About 6 years ago I was going through another devastating heartbreak with my first love. We had one of those turbulent roller-coaster relationships which lead to roughly 5 breakups in 2 years. We always got back together because I was young and blindly in-love and he was clever in that he would always wait roughly 3 months to contact me after each breakup. 3 months being the brink of still having love for that person and being almost over it.
Our last breakup he waited a little longer to contact me. At that point, I could feel it happening before it even did. Perhaps I was willing him to but that's a separate story. I was working out when I heard my flip phone begin to buzz. It was him.
I ignored it.
He texted again.
I ignored it.
And again, and again...
Finally he wrote, "I understand why you're ignoring me but I want you to know that I'm still in love with you. I've stopped smoking (pot) and I'm moving out to be closer to you. I'm willing to do whatever it takes to be with you."

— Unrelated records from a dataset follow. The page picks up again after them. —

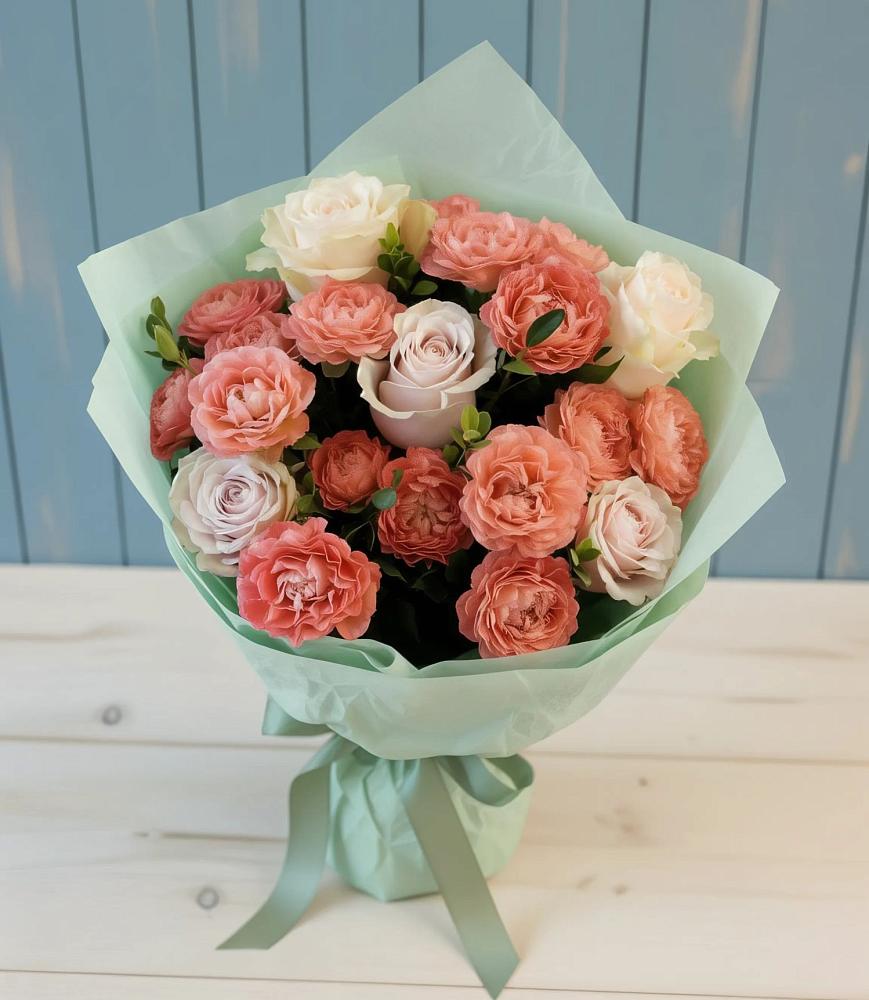 Букет цветов из: Розы в Георгиевской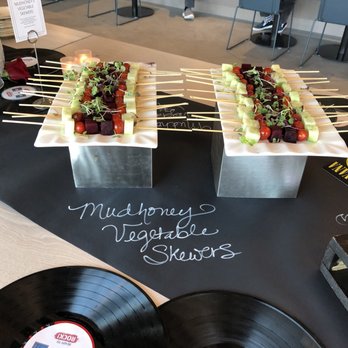 Foodz Catering - "Mudhoney" Skewers. Beets, tomatoes & cucumbers with a honey dill drizzle sauce. Yummy! Vegetarian & Gluten free - Caterers Near Me - Seattle, Washington Foodz Catering - "Mudhoney" Skewers. Beets, tomatoes & cucumbers with a honey dill drizzle sauce. Yummy! Vegetarian & Gluten free - Caterers Near Me - Seattle, Washington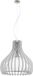 Eglo Tindori Hanglamp - 1 Lichtpunt - Nikkel-Mat - Wit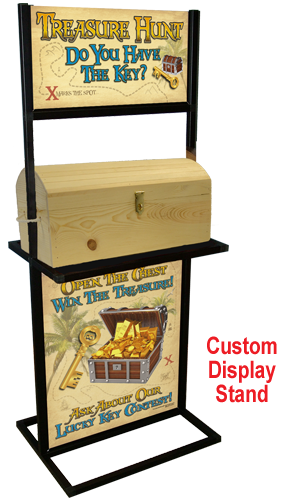 Treasure chest display stand
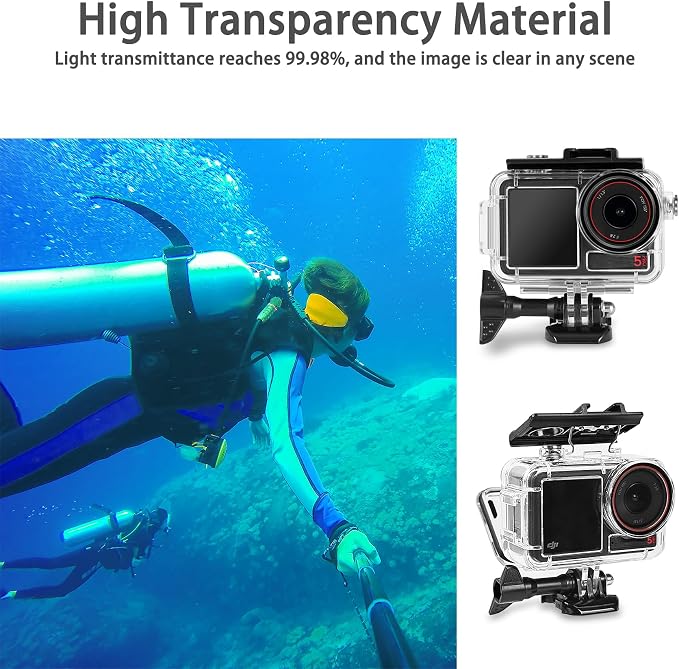 OKFUN 50M/164FT Waterproof Housing Case Compatible - Image 5
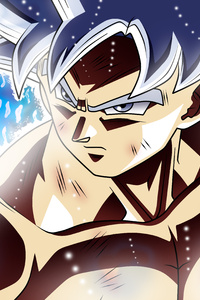 Goku Dragon Ball Super Goku Migatte No Gokui Dominado 5k (480x800) Resolution Wallpaper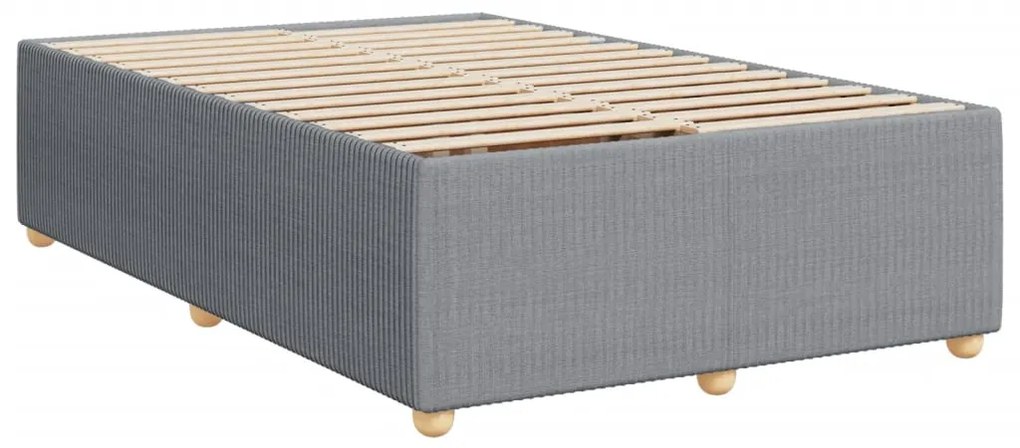 ΚΡΕΒΑΤΙ BOXSPRING ΜΕ ΣΤΡΩΜΑ ΑΝΟΙΧΤΟ ΓΚΡΙ 120X190 ΕΚ. ΥΦΑΣΜΑΤΙΝΟ 3289702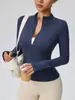 Chaqueta de Yoga Transfronteriza Ajustada Corte Delgado Fitness Running Deportes Yoga Secado Rápido Exterior Primavera Nuevo Estilo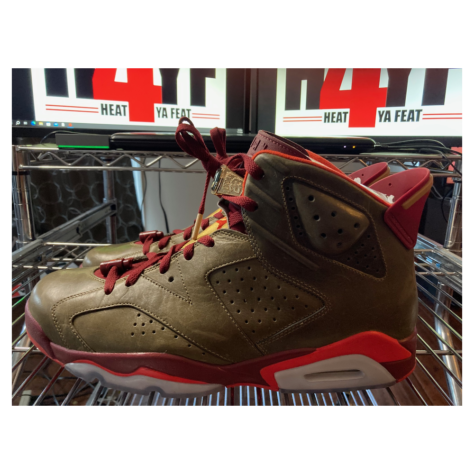 Air Jordan 6 “Cigar” — Raw Umber/Team Red-Metallic Gold-Challenge Red (384664 250)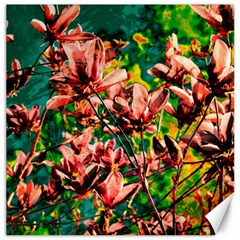 Abstract Floral Artwork Canvas 16  X 16  by ExtraGoodSauce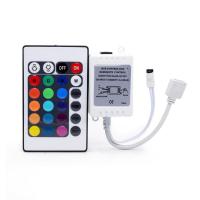 24Keys LED RGB Controller DC12V IRควบคุมระยะไกลสำหรับแถบไฟLEDไฟ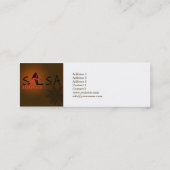 Salsa Moves - Bedrijfs-, profielkaart Mini Visitekaartje (Achterkant)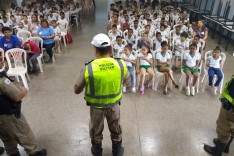 Educação no Trânsito – Palestras e teatro em mais uma ação do Maio Amarelo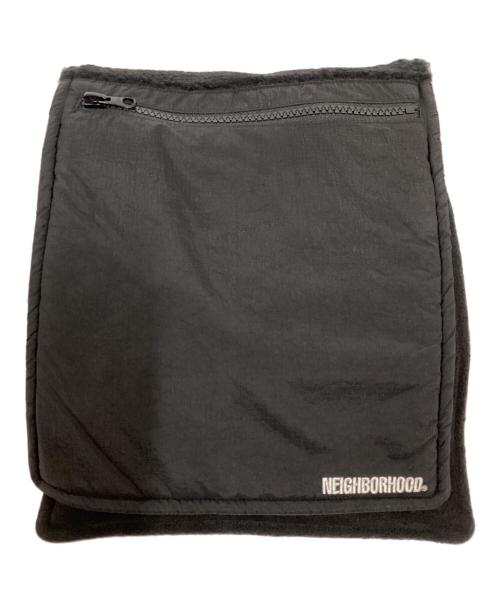 NEIGHBORHOOD（ネイバーフッド）NEIGHBORHOOD (ネイバーフッド) ボアナイロンマフラー ブラックの古着・服飾アイテム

Shit. I was defiant though! Sort of...
I wrote back, "There is and never will be another chance for us. I've given you plenty so I hope you're doing all of this for yourself and not for me. It won't mean anything if it's for me."
His response, "I'm not doing it for you, I'm doing it for us."
At that time in my life I thought, damn he's good. Then of course then nurturing co-dependent part of me began to kick in which lead to more texts between me and him. Which then lead to him asking if we could meet that night.
I was in college at the time and had to think about it. I had to start getting ready for class. As I got ready to hop in the shower I caved and wrote him telling him when and where we could meet.
As I showered my heart began to do flips. Those of you who have ever run into an ex you still weren't quite over--you'd understand the feeling. Especially the sort of feeling that came from an ex you completely resented who claimed to still be in love with you. It's like, hah! I won!
I waited for his response which was disheartening but as I dried off from the shower his name appeared. And this is what his text read:
"Hahahahaha. Happy April Fool's Bitch! I'd never get back with a stupid cunt like you!"
I honestly laugh about this now. But at that time it wasn't so funny.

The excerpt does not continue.